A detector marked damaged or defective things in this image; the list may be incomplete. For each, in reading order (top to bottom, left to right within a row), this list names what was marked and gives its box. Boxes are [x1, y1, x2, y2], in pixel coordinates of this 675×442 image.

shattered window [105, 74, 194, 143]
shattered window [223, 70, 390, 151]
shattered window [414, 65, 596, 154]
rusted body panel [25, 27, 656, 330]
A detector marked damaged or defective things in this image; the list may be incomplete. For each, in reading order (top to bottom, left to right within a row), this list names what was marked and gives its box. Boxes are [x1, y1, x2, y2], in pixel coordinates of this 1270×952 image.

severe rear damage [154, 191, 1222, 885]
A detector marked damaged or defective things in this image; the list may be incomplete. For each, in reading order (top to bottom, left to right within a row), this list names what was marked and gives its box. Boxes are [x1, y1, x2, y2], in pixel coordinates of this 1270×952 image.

## ASSIGNED TASK
Give back all the records above exactly. Keep every word.

## YOUR RESPONSE
A detector marked damaged or defective things in this image; the list may be incomplete. For each, in reading order (top to bottom, left to right within a row), this list names what was marked and gives its box. Boxes are [x1, y1, x2, y2], in pixel coordinates of this 675×442 image.

shattered window [105, 74, 194, 143]
shattered window [223, 70, 390, 151]
shattered window [414, 65, 596, 154]
rusted body panel [25, 27, 656, 330]
A detector marked damaged or defective things in this image; the list may be incomplete. For each, in reading order (top to bottom, left to right within a row), this list names what was marked and gives its box. Boxes are [x1, y1, x2, y2], in pixel coordinates of this 1270×952 image.

severe rear damage [154, 191, 1222, 885]
A detector marked damaged or defective things in this image; the list may be incomplete. For each, in reading order (top to bottom, left to right within a row), this list names what was marked and gives its box. Boxes are [x1, y1, x2, y2], in pixel coordinates of this 1270×952 image.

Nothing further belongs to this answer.